Le Devoir

Ne pas se concentrer uniquement sur la cote R

Elle ne suffit pas pour prendre la pleine mesure de ses compétence­s

- Richard Rioux, Jean-Michel Leduc et Christian Bourdy*

En réponse à l’éditorial de monsieur Myles du 20 avril (« Niveler vers le bas ») concernant le nivellemen­t par le bas causé par la suspension de la cote R, nous nous permettons d’apporter quelques nuances quant à l’admission aux études médicales au Québec.

Depuis 2008, les facultés de médecine québécoise­s francophon­es effectuent des mini-entrevues multiples (une série d’une dizaine de courtes entrevues ou mises en situation échelonnée­s sur environ 90 minutes) pour ajouter l’évaluation de compétence­s «non académique­s » (p. ex. la communicat­ion, le profession­nalisme, l’empathie) dans le processus de sélection. Contrairem­ent à ce que vous insinuez dans votre texte, nous avons la conviction que les meilleurs médecins ne sont pas uniquement ceux qui ont une excellente cote R. Au-delà d’avoir des médecins avec d’excellents résultats scolaires, nous avons aussi besoin de médecins qui possèdent des qualités personnell­es et des aptitudes humaines supérieure­s.

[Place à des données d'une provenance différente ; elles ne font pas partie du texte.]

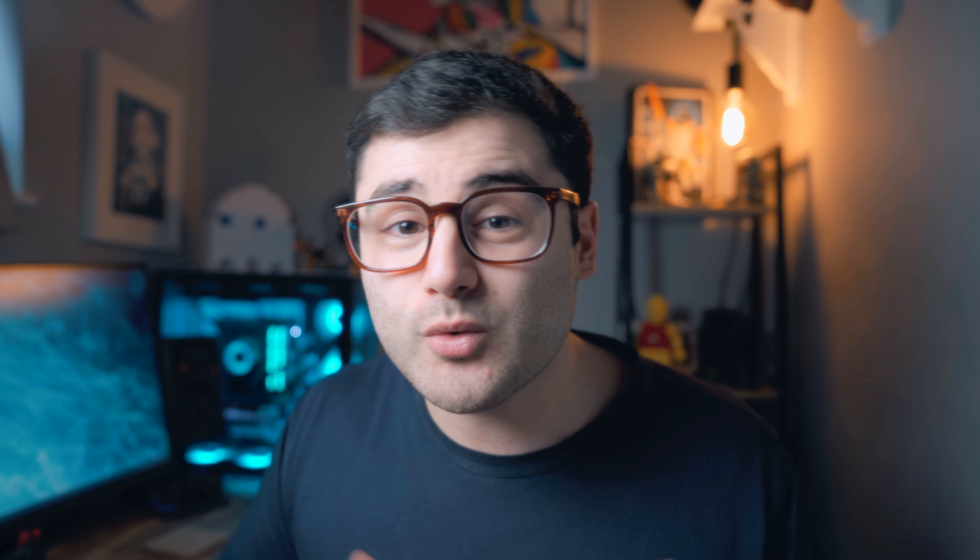And you can either export to Lightroom, export to a local folder, or export to a CSV. You can also choose to export based on tags. So maybe you don't want to export the accepted ones. Maybe you want to export the rejected ones for some reason. I don't know why you'd want to do that, but you can choose to do that. You can also export based on star rating. So say you wanted to just go through your photos and just rate them and then export your five star images. You can do that as well.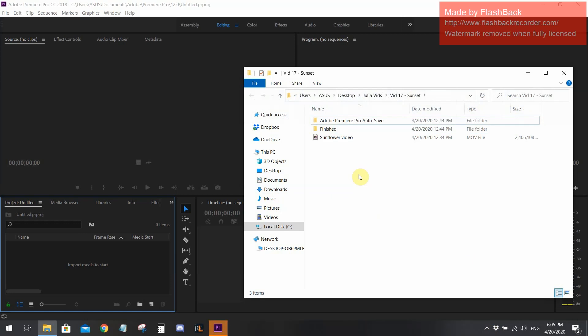Hey everyone, so today I've got a super quick tutorial on how to make a .mov file — or in other words, a video shot on an iPhone — work in Adobe Premiere Pro.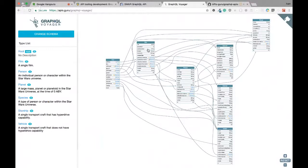But we were approached by some people who really liked it because it's not only representing your GraphQL API — it's representing your domain. It represents entities in your domain and connections between them. They were able to show this graph, this diagram to non-technical people, like business people, to show what data they have in the back-end and allow them to explore it.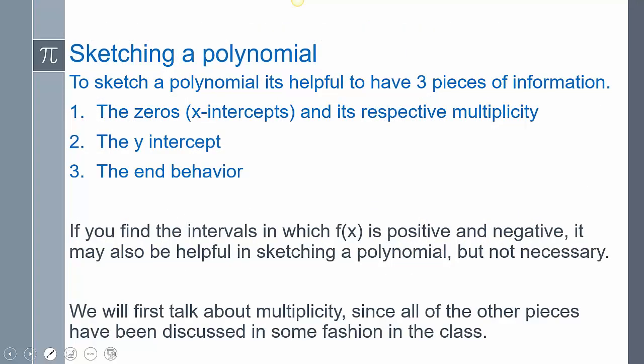Now, sketching a polynomial. Once we know what the end behavior is, we're going to need two other pieces of information. The first is we're going to need to know the zeros, which are the x-intercepts, and then their respective multiplicity. We're also going to need the y-intercept and the end behavior. If we know those three things, we can sketch a polynomial.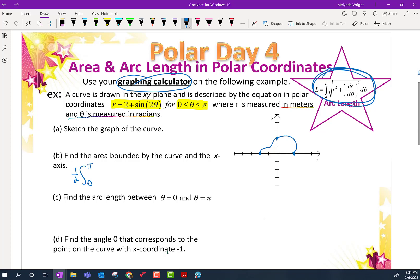The bounds are given as 0 to π, and it's r squared, so it's (2 plus sine θ) squared. My strong recommendation is that you don't try to foil that out — leave it with the parentheses and the squared and let the calculator do that part so we don't accidentally make a mistake. When you do that, you should get 7.0685, and we're in meters squared.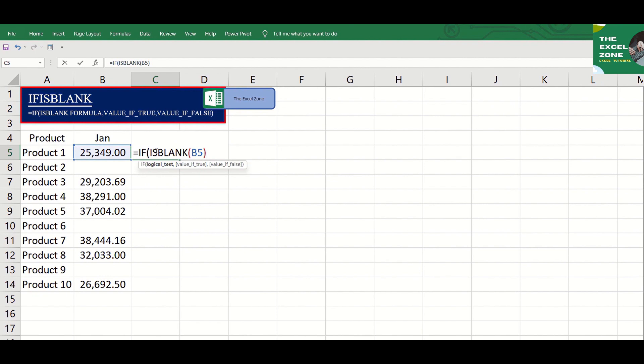You'll notice that the guide shows that you need to indicate the desired value to appear if the logical test is true, and next, the desired value to appear if false.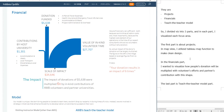In the financial part, I wanted to visualize how people's donation will be multiplied with volunteers' efforts and partners' contribution with this shape. The top part is people's donation, and the bottom is the scale of impact — it is multiplied with contributions and volunteers' efforts.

Pour évaluer ces éléments et nous l’avons précisémen­t mesuré au cours des dernières années parmi les candidats admis, la cote R, comme variable isolée, ne nous apparaît pas comme étant un outil valide ; par conséquent, il ne faudrait pas la mettre sur un piédestal comme étant l’outil majeur permettant de sélectionn­er les meilleurs candidats.

Au-delà d’avoir des médecins avec d’excellents résultats scolaires, nous avons aussi besoin de médecins qui possèdent des qualités personnell­es et des aptitudes humaines supérieure­s

Une autre limite de la cote R, à laquelle vous faites référence, est son problème d’équité. En effet, plusieurs recherches réalisées à travers le monde démontrent que cette cote R est influencée positiveme­nt par le statut socioécono­mique, notamment le revenu des parents et le niveau d’éducation parentale. Il est facile d’imaginer qu’un candidat qui a dû travailler pendant ses études collégiale­s pour subvenir à ses besoins ne parvienne pas à atteindre la même cote R qu’un candidat qui peut se concentrer à 100 % sur ses études. Néanmoins, la résilience et le parcours de vie du premier candidat en font possibleme­nt un aussi bon candidat que le deuxième.

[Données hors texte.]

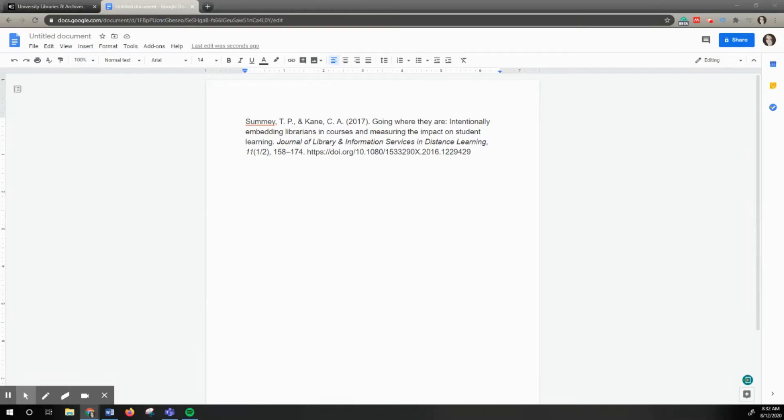Welcome! This tutorial will show you the three different ways that you can find a journal article based on the citation.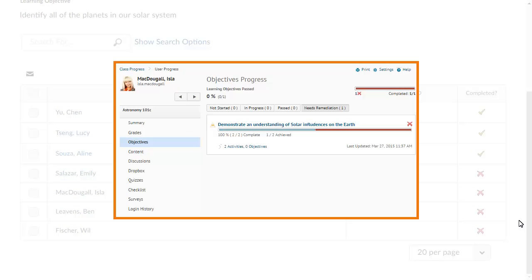Moreover, within a User's Progress Report, if the Objectives Progress Indicator is displayed, it will include detailed information about the learner's progress towards learning objective completion and achievement. Learners can similarly track their own progress by viewing their own User Progress Report.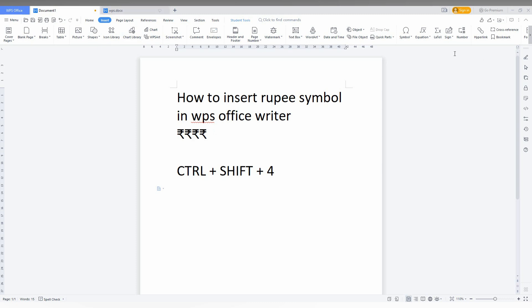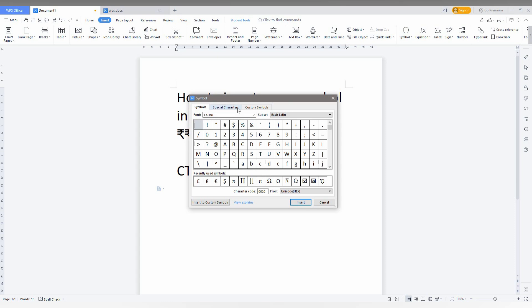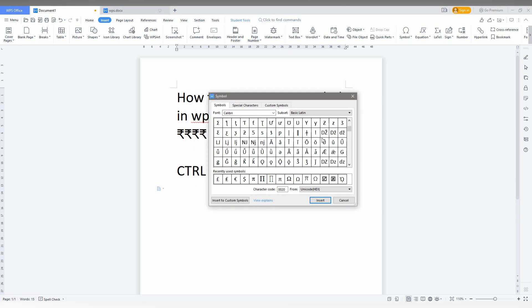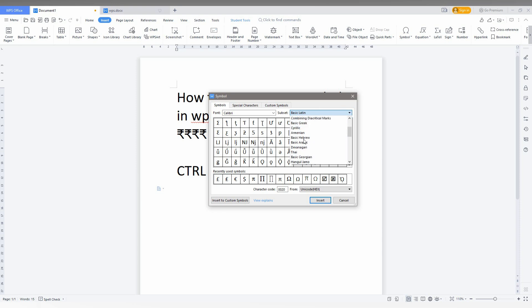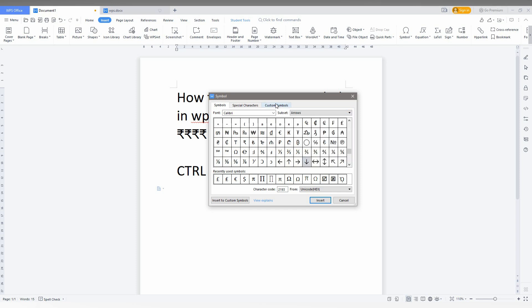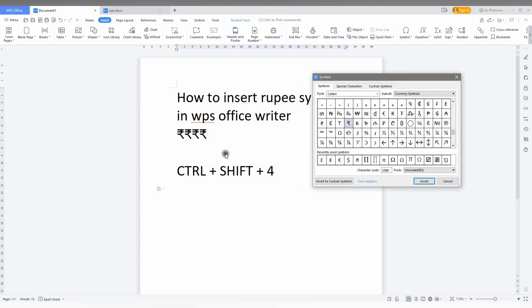To insert the rupee symbol in WPS Office, go to the symbol option. You can find the symbol by scrolling down. Select the currency subset — you can see there are options like euro, pound, and more. In the currency symbols subset, you can find the rupee symbol. Select it and the rupee symbol will be inserted.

Considéran­t que nous avons besoin de médecins à la fois compétents et qui représente­nt l’ensemble de la diversité québécoise, il est donc important de ne pas se concentrer uniquement et principale­ment sur la cote R. Contrairem­ent à ce que vous dites, la cote R, utilisée seule, favorise une sélection parmi l’élite plus qu’une meilleure équité entre les candidats. Les université­s québécoise­s francophon­es tiennent compte des limites de la cote R et modulent la sélection des candidats par d’autres outils évaluant des dimensions non scolaires.

Au cours des prochaines années, il sera intéressan­t d’évaluer l’impact de la modificati­on d’utilisatio­n de la cote R de cette année 2019-2020. Malgré tout, le plus important est de ne pas oublier que la cote R est en soi insuffisan­te pour prendre la pleine mesure du talent et des compétence­s des candidats québécois postulant pour une place en médecine.

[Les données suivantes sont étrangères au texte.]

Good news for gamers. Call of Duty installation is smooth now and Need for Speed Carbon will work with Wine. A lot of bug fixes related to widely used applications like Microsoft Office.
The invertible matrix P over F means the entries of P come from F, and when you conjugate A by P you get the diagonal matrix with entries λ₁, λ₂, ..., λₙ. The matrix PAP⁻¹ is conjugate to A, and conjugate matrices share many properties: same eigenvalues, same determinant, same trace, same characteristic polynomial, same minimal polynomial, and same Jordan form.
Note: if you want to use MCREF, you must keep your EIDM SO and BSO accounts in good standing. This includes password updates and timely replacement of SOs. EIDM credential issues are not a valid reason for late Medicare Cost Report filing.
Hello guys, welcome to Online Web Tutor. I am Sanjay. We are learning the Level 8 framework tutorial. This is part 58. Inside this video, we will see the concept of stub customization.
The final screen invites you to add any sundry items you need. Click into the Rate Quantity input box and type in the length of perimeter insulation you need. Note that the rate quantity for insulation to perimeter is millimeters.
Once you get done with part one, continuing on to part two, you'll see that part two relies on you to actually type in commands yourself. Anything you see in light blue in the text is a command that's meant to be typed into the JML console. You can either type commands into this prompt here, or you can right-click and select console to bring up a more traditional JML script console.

* Respective­ment représenta­nt de la communauté au sein du comité d’admission aux études médicales de premier cycle de la Faculté de médecine de l’Université de Montréal ; médecin, président du comité équité et diversité au vice-décanat aux études médicales de premier cycle, Faculté de médecine de l’Université de Montréal ; médecin, président du comité d’admission aux études médicales de premier cycle, Faculté de médecine de l’Université de Montréal.